Brief descriptive captions:
══════════

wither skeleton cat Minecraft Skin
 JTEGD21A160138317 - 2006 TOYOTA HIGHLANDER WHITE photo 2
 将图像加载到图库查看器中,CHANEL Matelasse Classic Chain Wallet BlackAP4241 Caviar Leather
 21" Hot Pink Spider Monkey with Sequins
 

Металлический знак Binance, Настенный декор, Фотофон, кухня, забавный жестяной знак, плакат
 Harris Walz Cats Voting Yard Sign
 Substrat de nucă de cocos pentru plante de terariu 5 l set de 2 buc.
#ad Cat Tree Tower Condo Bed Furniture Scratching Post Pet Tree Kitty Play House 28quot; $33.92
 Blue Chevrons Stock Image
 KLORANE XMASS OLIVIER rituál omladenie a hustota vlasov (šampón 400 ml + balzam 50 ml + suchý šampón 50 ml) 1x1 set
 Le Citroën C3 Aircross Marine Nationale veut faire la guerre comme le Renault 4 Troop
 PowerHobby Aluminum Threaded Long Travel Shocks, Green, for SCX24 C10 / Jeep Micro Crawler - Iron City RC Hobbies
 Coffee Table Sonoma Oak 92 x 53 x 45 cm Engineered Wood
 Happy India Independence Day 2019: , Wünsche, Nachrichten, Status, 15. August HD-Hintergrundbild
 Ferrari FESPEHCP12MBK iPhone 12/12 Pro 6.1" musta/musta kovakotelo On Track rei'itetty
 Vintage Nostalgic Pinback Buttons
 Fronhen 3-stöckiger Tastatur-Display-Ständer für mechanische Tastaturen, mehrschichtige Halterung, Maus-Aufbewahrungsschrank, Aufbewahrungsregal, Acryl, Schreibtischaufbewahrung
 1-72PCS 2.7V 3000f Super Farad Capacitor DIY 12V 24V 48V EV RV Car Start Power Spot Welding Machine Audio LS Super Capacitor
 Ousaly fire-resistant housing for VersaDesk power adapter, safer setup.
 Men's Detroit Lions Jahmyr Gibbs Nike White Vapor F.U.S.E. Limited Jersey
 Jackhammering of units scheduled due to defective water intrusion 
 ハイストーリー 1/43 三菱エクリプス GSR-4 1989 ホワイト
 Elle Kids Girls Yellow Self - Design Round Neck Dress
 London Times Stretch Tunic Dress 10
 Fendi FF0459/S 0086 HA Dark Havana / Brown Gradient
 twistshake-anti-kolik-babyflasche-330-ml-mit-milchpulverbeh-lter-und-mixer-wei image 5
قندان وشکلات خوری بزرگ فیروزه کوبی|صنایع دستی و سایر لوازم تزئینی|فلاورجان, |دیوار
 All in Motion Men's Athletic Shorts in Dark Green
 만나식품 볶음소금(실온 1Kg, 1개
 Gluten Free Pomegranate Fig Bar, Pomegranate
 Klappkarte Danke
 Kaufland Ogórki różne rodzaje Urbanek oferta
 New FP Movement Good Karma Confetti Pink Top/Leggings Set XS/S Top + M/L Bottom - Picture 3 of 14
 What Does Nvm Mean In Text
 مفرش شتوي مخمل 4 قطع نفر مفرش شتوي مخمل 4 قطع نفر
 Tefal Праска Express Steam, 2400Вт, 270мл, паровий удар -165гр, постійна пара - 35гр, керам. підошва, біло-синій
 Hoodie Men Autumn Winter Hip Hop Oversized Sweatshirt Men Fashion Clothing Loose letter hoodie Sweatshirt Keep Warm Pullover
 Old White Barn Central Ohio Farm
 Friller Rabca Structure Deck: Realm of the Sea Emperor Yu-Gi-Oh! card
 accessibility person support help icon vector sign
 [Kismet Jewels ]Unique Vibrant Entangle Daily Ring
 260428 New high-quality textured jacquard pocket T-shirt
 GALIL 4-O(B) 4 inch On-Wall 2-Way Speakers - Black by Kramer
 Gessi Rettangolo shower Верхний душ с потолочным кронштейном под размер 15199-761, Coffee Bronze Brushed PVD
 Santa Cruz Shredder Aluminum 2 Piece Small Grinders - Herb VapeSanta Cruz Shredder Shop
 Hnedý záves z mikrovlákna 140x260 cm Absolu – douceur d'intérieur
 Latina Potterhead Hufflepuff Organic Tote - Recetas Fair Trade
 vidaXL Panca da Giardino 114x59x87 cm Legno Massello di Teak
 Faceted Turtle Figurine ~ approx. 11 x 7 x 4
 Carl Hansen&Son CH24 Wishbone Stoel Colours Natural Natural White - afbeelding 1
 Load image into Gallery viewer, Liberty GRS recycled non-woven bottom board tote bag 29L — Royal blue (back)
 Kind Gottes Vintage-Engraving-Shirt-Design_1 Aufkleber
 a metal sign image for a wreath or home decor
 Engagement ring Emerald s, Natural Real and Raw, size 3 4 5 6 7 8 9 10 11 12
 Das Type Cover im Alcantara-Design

══════════

### [Exercise]
Output each entry exactly. Leave none out.

### [Task response]
wither skeleton cat Minecraft Skin
 JTEGD21A160138317 - 2006 TOYOTA HIGHLANDER WHITE photo 2
 将图像加载到图库查看器中,CHANEL Matelasse Classic Chain Wallet BlackAP4241 Caviar Leather
 21" Hot Pink Spider Monkey with Sequins
 

Металлический знак Binance, Настенный декор, Фотофон, кухня, забавный жестяной знак, плакат
 Harris Walz Cats Voting Yard Sign
 Substrat de nucă de cocos pentru plante de terariu 5 l set de 2 buc.
#ad Cat Tree Tower Condo Bed Furniture Scratching Post Pet Tree Kitty Play House 28quot; $33.92
 Blue Chevrons Stock Image
 KLORANE XMASS OLIVIER rituál omladenie a hustota vlasov (šampón 400 ml + balzam 50 ml + suchý šampón 50 ml) 1x1 set
 Le Citroën C3 Aircross Marine Nationale veut faire la guerre comme le Renault 4 Troop
 PowerHobby Aluminum Threaded Long Travel Shocks, Green, for SCX24 C10 / Jeep Micro Crawler - Iron City RC Hobbies
 Coffee Table Sonoma Oak 92 x 53 x 45 cm Engineered Wood
 Happy India Independence Day 2019: , Wünsche, Nachrichten, Status, 15. August HD-Hintergrundbild
 Ferrari FESPEHCP12MBK iPhone 12/12 Pro 6.1" musta/musta kovakotelo On Track rei'itetty
 Vintage Nostalgic Pinback Buttons
 Fronhen 3-stöckiger Tastatur-Display-Ständer für mechanische Tastaturen, mehrschichtige Halterung, Maus-Aufbewahrungsschrank, Aufbewahrungsregal, Acryl, Schreibtischaufbewahrung
 1-72PCS 2.7V 3000f Super Farad Capacitor DIY 12V 24V 48V EV RV Car Start Power Spot Welding Machine Audio LS Super Capacitor
 Ousaly fire-resistant housing for VersaDesk power adapter, safer setup.
 Men's Detroit Lions Jahmyr Gibbs Nike White Vapor F.U.S.E. Limited Jersey
 Jackhammering of units scheduled due to defective water intrusion 
 ハイストーリー 1/43 三菱エクリプス GSR-4 1989 ホワイト
 Elle Kids Girls Yellow Self - Design Round Neck Dress
 London Times Stretch Tunic Dress 10
 Fendi FF0459/S 0086 HA Dark Havana / Brown Gradient
 twistshake-anti-kolik-babyflasche-330-ml-mit-milchpulverbeh-lter-und-mixer-wei image 5
قندان وشکلات خوری بزرگ فیروزه کوبی|صنایع دستی و سایر لوازم تزئینی|فلاورجان, |دیوار
 All in Motion Men's Athletic Shorts in Dark Green
 만나식품 볶음소금(실온 1Kg, 1개
 Gluten Free Pomegranate Fig Bar, Pomegranate
 Klappkarte Danke
 Kaufland Ogórki różne rodzaje Urbanek oferta
 New FP Movement Good Karma Confetti Pink Top/Leggings Set XS/S Top + M/L Bottom - Picture 3 of 14
 What Does Nvm Mean In Text
 مفرش شتوي مخمل 4 قطع نفر مفرش شتوي مخمل 4 قطع نفر
 Tefal Праска Express Steam, 2400Вт, 270мл, паровий удар -165гр, постійна пара - 35гр, керам. підошва, біло-синій
 Hoodie Men Autumn Winter Hip Hop Oversized Sweatshirt Men Fashion Clothing Loose letter hoodie Sweatshirt Keep Warm Pullover
 Old White Barn Central Ohio Farm
 Friller Rabca Structure Deck: Realm of the Sea Emperor Yu-Gi-Oh! card
 accessibility person support help icon vector sign
 [Kismet Jewels ]Unique Vibrant Entangle Daily Ring
 260428 New high-quality textured jacquard pocket T-shirt
 GALIL 4-O(B) 4 inch On-Wall 2-Way Speakers - Black by Kramer
 Gessi Rettangolo shower Верхний душ с потолочным кронштейном под размер 15199-761, Coffee Bronze Brushed PVD
 Santa Cruz Shredder Aluminum 2 Piece Small Grinders - Herb VapeSanta Cruz Shredder Shop
 Hnedý záves z mikrovlákna 140x260 cm Absolu – douceur d'intérieur
 Latina Potterhead Hufflepuff Organic Tote - Recetas Fair Trade
 vidaXL Panca da Giardino 114x59x87 cm Legno Massello di Teak
 Faceted Turtle Figurine ~ approx. 11 x 7 x 4
 Carl Hansen&Son CH24 Wishbone Stoel Colours Natural Natural White - afbeelding 1
 Load image into Gallery viewer, Liberty GRS recycled non-woven bottom board tote bag 29L — Royal blue (back)
 Kind Gottes Vintage-Engraving-Shirt-Design_1 Aufkleber
 a metal sign image for a wreath or home decor
 Engagement ring Emerald s, Natural Real and Raw, size 3 4 5 6 7 8 9 10 11 12
 Das Type Cover im Alcantara-Design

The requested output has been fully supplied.